Monday, March 09, 2009

Do breakfalls work in real life?

In the dojo we practice our throws -- and breakfalls -- on a 5 cm (2 inch) thick rubberized mat. But do they work in real life?

First, an illustration of what not to do:

Now, can we do better than that?  Will good breakfalling technique help?

Short answer

Long answer
When an untrained person tries to break their fall -- like the unfortunate young skater in the video -- (s)he often tries to extend an arm with the hand bent back.  While this is an effective strategy in low impact situations -- e.g. if you are sitting on the floor and lean too far in any direction -- it is disastrous in any significant fall.  The wrist bends back too far, and -- if you are really unlucky -- the resulting shock wave can travel up your arm and also snap your collar bone (not shown!).
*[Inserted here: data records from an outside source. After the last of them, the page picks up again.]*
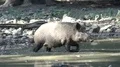 Wild boar sow digging and take muddy bath in dirty water puddle sunny day 4k or 4k+ Resolution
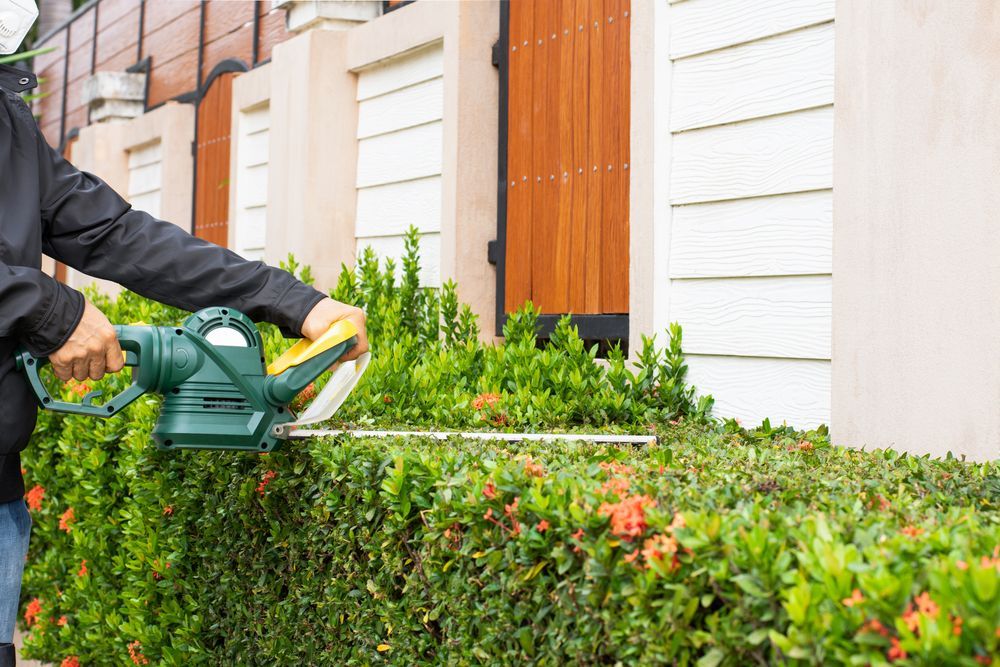 Person trimming a green hedge with a hedge trimmer in front of a white wall with wooden doors.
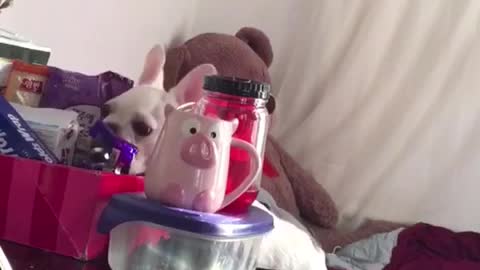 Hidden camera reveals French Bulldog's love for Nutella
I believe that most of us learn this "propping" reaction as babies first learn to sit, and they soon discover that propping is an effective method to help them keep seated.  It works, but it is not natural, and can be trained out.

Personally, I have used rolling, side, back and forward breakfalling techniques to save me while:
  • inline skating -- many times (both while learning and later on)
  • tripping over fences
  • coming over the handlebars of a bike
  • falling down stairs
  • slipping over while rushing for a train 
Sure, I am accident prone, but the worst that I have suffered from any of these mishaps has been the odd graze.  My training does not make me invincible -- far from it -- but it works much better than the usual disorganized "panic" response (shown above).
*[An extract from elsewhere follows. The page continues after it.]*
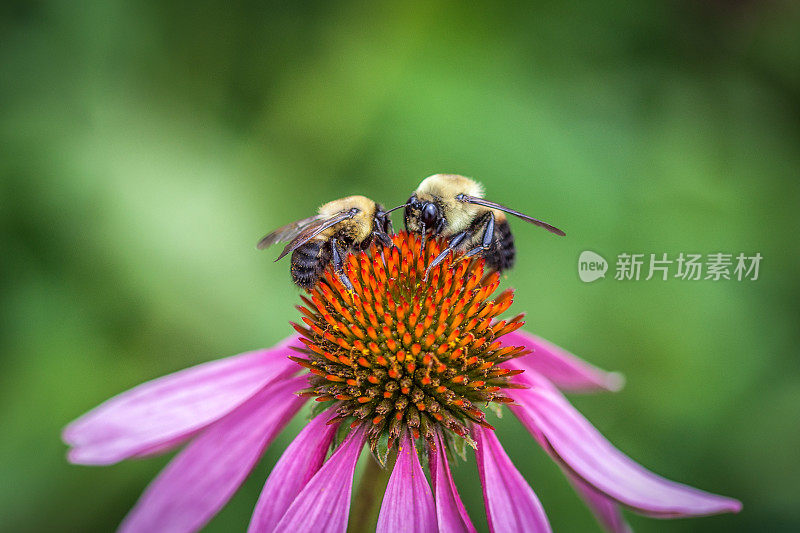 大黄蜂在紫锥菊。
Other martial artists that I know have fallen down stairs, off ladders, off motor-bikes and been thrown from cars and survived without breakages.

So, yes, they work.

Breakfalling on concrete
While we usually practice on nice thick mats, I have been asked on occasion to perform a single standing side breakfall on concrete.  My arm stings for about half an hour, but it works.  
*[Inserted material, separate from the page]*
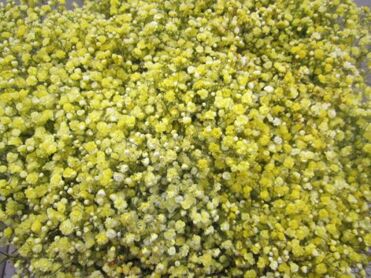 Gypsophila Jaune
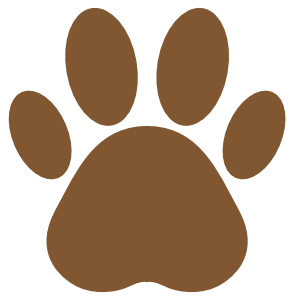 Paw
I recall reading once about a hapkido group who practiced their breakfalls on concrete all the time, and went on to develop arthritic spines.  True or not, we practice mostly on a padded surface with good reason.  So: Don't try this stunt except under qualified supervision.

Getting hit in the head
Finally, another scenario in which you need to get to the ground safely is when you are hit.  In reading newspaper reports of fatalities and brain-injuries from getting punched in the head, it is often the case that the majority of the damage is incurred when the victim hits his head on the (hard) ground or curb.  This was more-or-less what happened to former Australian cricketer and then Victorian state coach David Hookes.

So, while prevention is better than cure, reliable breakfalling is great insurance!


Michele said...

My sister-in-law was involved in karate for about a year. She had to give it up due to a hip injury.
Years after she stopped karate, she used a breakfall to prevent injury. She works at a daycare. She was standing on a small ledge reaching for something on a high shelf. She lost her balance and perfomed a rollfall.

Dan Prager said...

Hi Michele

Thanks for stopping by!

Your sister-in-law's story is an encouraging one, emphasizing that basic proficiency in breakfalling is a life-skill that stays with you, even with limited -- but effective -- training.

Anonymous said...

a friend of my taekwondo teacher is a black belt judo who works as car mechanic.

once he fall from hydrolic pump 2 metres above the ground to concrete floor. he just break that fall and came out un-injured.

i wonder what will happen to me if i were to fall like that... :(

Anonymous said...

I have been training judo for about 10 years and to be honest, I can not remember the last time I performed a break fall unless I was getting thrown through nage komi or via a demo. In competition or sparring, when i am thrown I never actually break the fall but just go down.

However, by breakfalling plenty of times through practise, I feel that I have become used to falling without hurting myself, and have also learnt to roll forwards sideways and backwards when tripping over or getting pushed etc. It is now a natural instinct. So yes breakfalling does work in real life, sometimes even if you do not actually break fall.